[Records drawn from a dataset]

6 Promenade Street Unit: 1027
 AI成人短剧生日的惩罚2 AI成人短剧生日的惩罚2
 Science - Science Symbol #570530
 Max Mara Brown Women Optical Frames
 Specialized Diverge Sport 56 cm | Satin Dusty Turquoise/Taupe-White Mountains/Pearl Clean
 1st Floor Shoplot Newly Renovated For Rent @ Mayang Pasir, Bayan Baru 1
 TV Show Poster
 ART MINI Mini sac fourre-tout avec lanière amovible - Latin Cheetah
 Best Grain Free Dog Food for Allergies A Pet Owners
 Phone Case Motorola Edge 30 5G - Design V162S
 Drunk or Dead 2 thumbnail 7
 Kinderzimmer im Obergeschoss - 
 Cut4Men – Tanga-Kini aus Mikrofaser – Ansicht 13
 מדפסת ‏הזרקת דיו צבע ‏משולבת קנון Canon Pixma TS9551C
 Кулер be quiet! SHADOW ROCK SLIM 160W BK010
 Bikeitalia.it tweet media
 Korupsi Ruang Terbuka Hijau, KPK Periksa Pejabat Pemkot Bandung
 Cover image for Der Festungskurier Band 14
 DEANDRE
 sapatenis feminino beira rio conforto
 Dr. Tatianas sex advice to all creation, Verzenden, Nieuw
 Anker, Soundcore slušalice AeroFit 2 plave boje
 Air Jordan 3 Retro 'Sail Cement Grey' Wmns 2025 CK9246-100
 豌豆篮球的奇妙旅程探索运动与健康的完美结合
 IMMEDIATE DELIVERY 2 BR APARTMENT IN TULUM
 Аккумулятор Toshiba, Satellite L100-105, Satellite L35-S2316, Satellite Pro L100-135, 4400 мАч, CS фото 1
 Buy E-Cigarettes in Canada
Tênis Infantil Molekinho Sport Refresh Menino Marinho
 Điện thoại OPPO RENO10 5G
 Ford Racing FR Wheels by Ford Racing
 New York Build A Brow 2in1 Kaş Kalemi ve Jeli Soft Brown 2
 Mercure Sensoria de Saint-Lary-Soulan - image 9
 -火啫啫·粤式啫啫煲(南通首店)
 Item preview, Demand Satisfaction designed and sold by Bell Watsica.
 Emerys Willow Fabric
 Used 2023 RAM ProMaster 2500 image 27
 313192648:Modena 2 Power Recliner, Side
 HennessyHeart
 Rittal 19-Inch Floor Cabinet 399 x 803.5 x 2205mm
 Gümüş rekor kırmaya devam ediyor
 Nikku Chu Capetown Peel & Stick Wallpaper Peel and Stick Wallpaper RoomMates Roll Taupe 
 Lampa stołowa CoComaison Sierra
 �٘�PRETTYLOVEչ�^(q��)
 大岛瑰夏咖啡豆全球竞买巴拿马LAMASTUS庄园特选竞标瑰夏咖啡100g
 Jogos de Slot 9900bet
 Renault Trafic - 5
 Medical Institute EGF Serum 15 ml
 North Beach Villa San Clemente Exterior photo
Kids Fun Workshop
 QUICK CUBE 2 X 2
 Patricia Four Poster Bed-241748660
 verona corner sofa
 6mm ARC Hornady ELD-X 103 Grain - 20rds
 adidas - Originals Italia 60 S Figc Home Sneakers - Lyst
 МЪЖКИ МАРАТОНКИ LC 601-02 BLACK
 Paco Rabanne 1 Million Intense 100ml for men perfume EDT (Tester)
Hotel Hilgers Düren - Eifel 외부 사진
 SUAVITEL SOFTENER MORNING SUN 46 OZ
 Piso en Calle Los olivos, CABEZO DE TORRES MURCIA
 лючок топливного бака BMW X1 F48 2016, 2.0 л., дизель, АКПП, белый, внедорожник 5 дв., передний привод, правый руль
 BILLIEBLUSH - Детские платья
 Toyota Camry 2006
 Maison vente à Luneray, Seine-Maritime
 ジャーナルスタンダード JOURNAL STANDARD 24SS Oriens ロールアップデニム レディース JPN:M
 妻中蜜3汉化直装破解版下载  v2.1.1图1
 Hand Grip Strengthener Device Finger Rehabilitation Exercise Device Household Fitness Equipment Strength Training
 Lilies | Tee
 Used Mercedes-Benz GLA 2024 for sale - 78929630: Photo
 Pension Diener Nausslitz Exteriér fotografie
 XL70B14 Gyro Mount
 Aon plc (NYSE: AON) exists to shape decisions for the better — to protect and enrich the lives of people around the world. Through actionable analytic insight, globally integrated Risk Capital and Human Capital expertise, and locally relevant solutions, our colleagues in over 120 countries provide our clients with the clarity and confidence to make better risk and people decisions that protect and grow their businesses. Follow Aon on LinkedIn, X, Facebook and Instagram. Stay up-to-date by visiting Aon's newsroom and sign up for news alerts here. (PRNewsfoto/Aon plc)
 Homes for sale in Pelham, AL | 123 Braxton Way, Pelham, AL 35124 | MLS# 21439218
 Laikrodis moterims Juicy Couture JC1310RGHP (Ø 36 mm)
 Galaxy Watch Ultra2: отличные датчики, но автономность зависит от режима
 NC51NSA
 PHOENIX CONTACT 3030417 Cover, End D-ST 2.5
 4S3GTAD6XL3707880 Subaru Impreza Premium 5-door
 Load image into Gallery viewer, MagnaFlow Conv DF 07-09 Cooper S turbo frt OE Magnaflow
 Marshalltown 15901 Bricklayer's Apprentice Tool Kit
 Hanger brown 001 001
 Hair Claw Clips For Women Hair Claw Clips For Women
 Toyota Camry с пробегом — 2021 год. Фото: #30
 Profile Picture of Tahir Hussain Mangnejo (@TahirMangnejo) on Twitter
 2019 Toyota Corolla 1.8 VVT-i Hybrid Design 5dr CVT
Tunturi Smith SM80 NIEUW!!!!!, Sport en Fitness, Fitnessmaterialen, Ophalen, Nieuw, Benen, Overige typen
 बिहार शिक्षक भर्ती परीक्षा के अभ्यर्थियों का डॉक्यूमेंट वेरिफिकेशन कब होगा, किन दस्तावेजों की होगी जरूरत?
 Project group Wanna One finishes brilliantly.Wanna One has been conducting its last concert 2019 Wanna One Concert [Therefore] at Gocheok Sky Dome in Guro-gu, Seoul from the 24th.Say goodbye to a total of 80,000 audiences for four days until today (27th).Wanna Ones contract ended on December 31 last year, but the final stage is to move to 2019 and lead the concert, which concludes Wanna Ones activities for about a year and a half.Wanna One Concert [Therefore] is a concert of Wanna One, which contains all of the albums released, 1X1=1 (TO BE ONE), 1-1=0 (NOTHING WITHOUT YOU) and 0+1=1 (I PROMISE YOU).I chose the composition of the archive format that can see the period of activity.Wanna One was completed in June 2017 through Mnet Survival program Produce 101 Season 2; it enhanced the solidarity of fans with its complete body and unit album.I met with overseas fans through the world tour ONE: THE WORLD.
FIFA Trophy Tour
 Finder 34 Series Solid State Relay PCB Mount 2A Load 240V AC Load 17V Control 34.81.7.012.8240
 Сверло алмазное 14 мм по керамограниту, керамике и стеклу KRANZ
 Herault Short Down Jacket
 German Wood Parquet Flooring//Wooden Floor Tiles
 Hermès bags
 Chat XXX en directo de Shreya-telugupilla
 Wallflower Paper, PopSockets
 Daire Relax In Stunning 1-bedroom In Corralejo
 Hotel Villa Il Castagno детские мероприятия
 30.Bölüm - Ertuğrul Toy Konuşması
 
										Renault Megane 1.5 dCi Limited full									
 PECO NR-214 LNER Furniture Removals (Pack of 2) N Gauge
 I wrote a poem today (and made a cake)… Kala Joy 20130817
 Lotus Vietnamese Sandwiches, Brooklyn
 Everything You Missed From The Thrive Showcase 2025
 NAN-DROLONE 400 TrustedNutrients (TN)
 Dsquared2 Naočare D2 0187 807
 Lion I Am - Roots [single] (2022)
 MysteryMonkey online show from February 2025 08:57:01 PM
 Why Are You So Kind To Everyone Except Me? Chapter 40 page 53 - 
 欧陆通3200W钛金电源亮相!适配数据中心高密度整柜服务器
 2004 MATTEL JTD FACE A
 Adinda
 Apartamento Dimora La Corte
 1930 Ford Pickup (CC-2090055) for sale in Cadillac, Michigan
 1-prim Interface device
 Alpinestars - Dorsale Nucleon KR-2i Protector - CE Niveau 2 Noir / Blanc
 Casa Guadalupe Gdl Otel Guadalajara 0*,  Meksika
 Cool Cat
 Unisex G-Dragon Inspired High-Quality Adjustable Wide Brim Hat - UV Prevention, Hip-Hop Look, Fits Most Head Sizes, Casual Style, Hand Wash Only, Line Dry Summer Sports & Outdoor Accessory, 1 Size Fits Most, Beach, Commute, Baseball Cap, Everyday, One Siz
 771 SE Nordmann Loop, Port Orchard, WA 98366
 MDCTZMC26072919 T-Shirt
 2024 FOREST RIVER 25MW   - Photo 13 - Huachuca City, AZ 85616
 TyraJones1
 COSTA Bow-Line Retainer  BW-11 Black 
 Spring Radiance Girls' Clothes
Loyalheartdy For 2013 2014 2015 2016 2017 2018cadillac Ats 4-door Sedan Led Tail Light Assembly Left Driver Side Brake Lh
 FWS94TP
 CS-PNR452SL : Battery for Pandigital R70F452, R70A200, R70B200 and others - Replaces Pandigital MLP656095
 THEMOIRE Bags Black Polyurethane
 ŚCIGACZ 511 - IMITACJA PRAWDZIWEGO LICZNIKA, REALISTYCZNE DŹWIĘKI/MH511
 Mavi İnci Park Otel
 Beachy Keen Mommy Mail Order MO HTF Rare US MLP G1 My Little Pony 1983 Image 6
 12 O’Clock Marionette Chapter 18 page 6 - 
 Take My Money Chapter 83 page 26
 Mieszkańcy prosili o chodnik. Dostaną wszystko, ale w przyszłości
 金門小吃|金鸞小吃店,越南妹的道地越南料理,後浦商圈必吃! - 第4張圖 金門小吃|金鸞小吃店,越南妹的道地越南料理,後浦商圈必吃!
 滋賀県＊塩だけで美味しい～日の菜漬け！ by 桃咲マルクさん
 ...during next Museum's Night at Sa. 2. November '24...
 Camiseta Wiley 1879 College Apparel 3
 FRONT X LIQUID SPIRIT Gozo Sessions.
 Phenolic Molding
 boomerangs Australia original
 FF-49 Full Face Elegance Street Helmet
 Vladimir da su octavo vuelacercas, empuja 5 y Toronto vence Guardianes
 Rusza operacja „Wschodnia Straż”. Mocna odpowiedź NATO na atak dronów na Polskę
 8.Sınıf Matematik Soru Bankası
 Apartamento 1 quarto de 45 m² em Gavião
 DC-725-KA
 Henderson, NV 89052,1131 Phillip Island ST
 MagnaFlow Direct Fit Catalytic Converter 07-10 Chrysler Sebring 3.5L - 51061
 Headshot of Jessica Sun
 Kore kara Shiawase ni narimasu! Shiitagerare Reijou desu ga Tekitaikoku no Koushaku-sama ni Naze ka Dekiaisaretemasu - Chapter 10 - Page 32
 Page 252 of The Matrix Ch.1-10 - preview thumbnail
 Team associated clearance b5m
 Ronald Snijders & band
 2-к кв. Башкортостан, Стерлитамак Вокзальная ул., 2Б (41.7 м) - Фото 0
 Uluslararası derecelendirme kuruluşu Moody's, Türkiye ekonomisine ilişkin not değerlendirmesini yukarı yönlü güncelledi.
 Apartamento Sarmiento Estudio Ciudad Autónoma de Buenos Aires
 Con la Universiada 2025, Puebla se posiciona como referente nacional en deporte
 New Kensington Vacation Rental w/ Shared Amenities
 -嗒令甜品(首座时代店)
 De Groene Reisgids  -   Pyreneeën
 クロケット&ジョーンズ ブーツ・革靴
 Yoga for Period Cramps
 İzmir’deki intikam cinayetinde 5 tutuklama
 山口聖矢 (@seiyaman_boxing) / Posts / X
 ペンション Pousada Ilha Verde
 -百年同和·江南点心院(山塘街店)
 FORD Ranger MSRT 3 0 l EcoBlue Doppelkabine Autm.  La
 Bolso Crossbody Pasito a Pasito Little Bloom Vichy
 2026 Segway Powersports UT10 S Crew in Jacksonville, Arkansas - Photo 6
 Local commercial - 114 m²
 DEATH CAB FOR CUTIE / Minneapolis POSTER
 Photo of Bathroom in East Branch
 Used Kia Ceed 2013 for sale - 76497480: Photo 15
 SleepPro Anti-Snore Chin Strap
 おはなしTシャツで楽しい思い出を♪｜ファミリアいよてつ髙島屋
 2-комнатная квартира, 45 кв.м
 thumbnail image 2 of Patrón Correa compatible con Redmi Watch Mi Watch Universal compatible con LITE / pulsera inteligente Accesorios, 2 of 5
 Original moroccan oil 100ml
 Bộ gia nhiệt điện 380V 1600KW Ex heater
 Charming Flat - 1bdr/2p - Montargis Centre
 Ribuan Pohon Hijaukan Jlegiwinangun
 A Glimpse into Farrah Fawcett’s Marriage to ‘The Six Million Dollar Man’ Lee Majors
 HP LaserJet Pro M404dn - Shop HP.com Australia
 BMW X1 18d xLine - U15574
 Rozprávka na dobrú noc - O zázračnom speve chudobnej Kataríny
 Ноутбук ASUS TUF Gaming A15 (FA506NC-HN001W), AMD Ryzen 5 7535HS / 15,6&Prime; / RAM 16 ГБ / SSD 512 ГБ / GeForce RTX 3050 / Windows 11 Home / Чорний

Required work | Above are some records; copy exactly the lines from the one with "Cover image for Der Festungskurier Band 14" through the one with "Аккумулятор Toshiba, Satellite", both included, and no others.

Result of this task |
 Cover image for Der Festungskurier Band 14
 DEANDRE
 sapatenis feminino beira rio conforto
 Dr. Tatianas sex advice to all creation, Verzenden, Nieuw
 Anker, Soundcore slušalice AeroFit 2 plave boje
 Air Jordan 3 Retro 'Sail Cement Grey' Wmns 2025 CK9246-100
 豌豆篮球的奇妙旅程探索运动与健康的完美结合
 IMMEDIATE DELIVERY 2 BR APARTMENT IN TULUM
 Аккумулятор Toshiba, Satellite L100-105, Satellite L35-S2316, Satellite Pro L100-135, 4400 мАч, CS фото 1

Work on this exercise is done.